Simeone sale en defensa de Julián Álvarez ante los abucheos en el Metropolitano
Julian Alvarez vivió un episodio de fuerte tensión en el Metropolitano: pitidos y abucheos de un sector del estadio acompañaron su entrada como suplente ante el Villarreal, un gesto que reavivó el conflicto entre la afición y el futbolista por el largo culebrón de su posible marcha. Simeone salió de inmediato a respaldarlo y el club, a través de su consejero delegado, reafirmó que no contempla su salida.
Álvaro, abucheos en el regreso y defensa pública desde el banquillo y la directiva
| Hecho | Dato | Contexto |
|---|---|---|
| Entrada de Alvarez | Minuto 66 | En el duelo ante Villarreal, con el Atlético buscando un gol |
| Reacción del estadio | Silbidos antes, durante y tras el partido | También cuando se anunció su nombre entre los suplentes y al finalizar, mientras se retiraba |
| Posición del club y del entrenador | Declaraciones públicas de Simeone y Gil Marin | Rechazo a insultos y decisión de no autorizar una venta |
| Próximo partido liguero | 29 de agosto | Visita a Sevilla en el estadio Ramón Sánchez-Pizjuán |
Alvarez fue señalado desde el arranque: su nombre recibió silbidos en el momento en que apareció en la lista de suplentes antes del encuentro. La presión se repitió cuando el jugador fue presentado para entrar en el minuto 66, cuando el Atlético buscaba el empuje necesario para llevarse los tres puntos. Al concluir el partido, mientras varios de sus compañeros permanecían en el campo para aplaudir a los suyos, Alvarez se encaminó solo hacia el túnel de vestuarios y volvió a ser blanco de más pitidos.

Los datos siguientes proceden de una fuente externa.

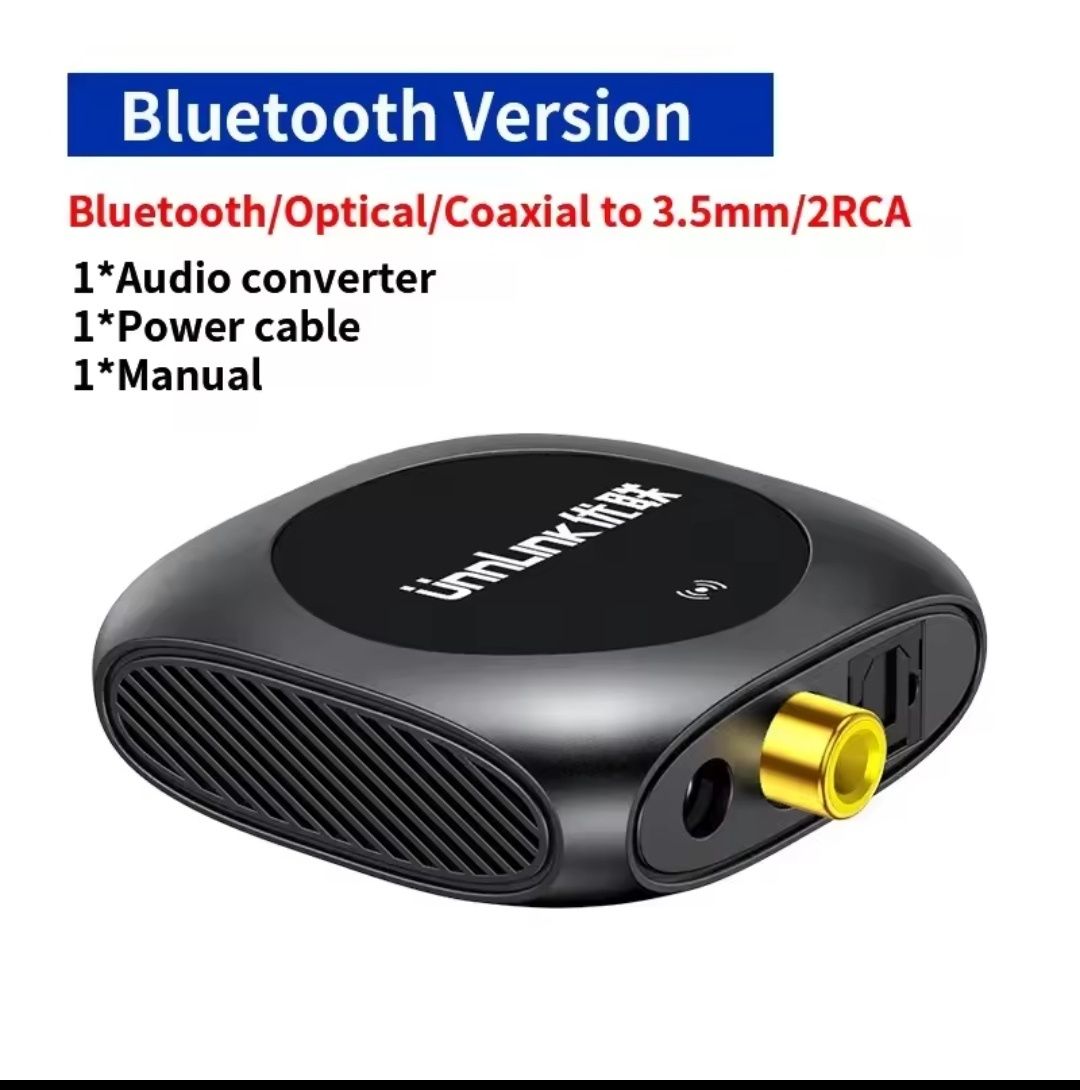 Цифро-аналоговый преобразователь 192 КГц, Bluetooth 5.0 Toslink, RCA,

El técnico, Diego Simeone, respondió con contundencia a la hostilidad. En rueda de prensa dejó claro que no comparte las dudas que algunos sectores plantean sobre la situación del argentino: “Las dudas sobre Alvarez no existen”, aseguró. Además, afirmó que el club lo tratará como pieza clave para los objetivos deportivos, garantizando su protección desde el plano deportivo.
Simeone también lanzó un mensaje directo a la afición: mostró respeto por el sentir de los hinchas, pero rechazó cualquier tipo de insulto o ofensa. “Para mí es muy importante para lograr lo que queremos”, remarcó, añadiendo que mientras el futbolista sea jugador del Atlético su prioridad será cuidarlo y apoyarlo.

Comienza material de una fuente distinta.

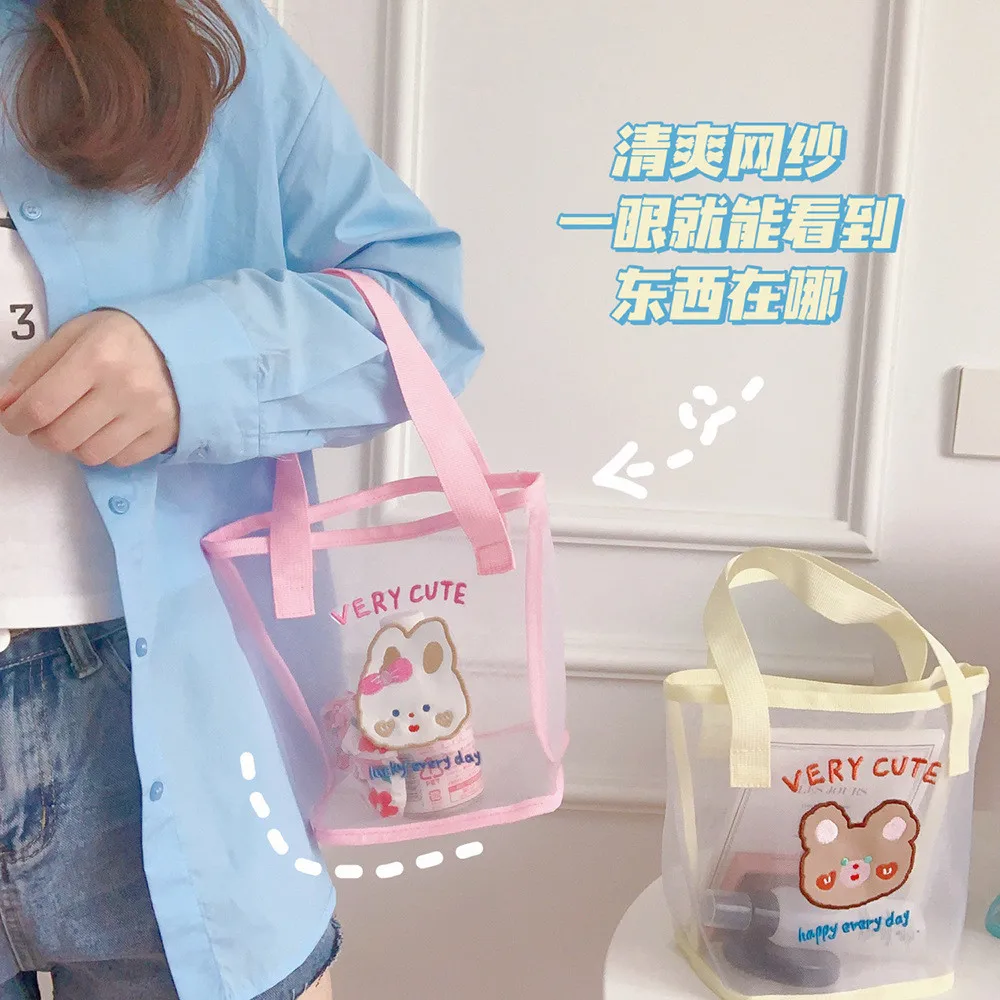 Женская летняя дорожная сумка-тоут с принтом медведя кролика | Багаж и сумки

La raíz de la tensión se encuentra en el prolongado proceso de traspaso en el que Alvarez manifestó públicamente su intención de abandonar la capital. En ese marco, Barcelona apareció como pretendiente principal. Sin embargo, la directiva rojiblanca cerró la puerta a una salida: el consejero delegado, Miguel Ángel Gil Marín, señaló que en junio se fijó un plazo con una valoración de 150 millones de euros que los interesados no alcanzaron, por lo que el Atlético no abrió la negociación.
Gil Marín, además de reafirmar el deseo de mantener al futbolista, apuntó a quienes considera influyeron en las decisiones del jugador en los últimos meses. En sus palabras, “no han sido los mejores asesores” los que han acompañado su carrera durante ese periodo. También sostuvo que el club no permitirá que factores externos marquen el rumbo deportivo: criticó la idea de que otros clubes y medios vinculados intenten condicionar la estrategia rojiblanca y “dividir” la relación con su afición.
El directivo remarcó que, aun reconociendo que no tienen el mismo poder mediático que determinados rivales, el Atlético se apoya en su identidad y en la unidad de su hinchada. Con ese escenario, el club busca recuperar la armonía dentro del plantel y consolidar la reintegración de Alvarez, tarea que Simeone se comprometió a impulsar.
De cara al calendario, el Atlético se enfocará en el siguiente compromiso de La Liga: el 29 de agosto jugará como visitante ante Sevilla en el estadio Ramón Sánchez-Pizjuán. Mientras tanto, con el traspaso bloqueado y el entrenador decidido a proteger al jugador, Alvarez deberá reconstruir su vínculo con la grada con actuaciones en el césped.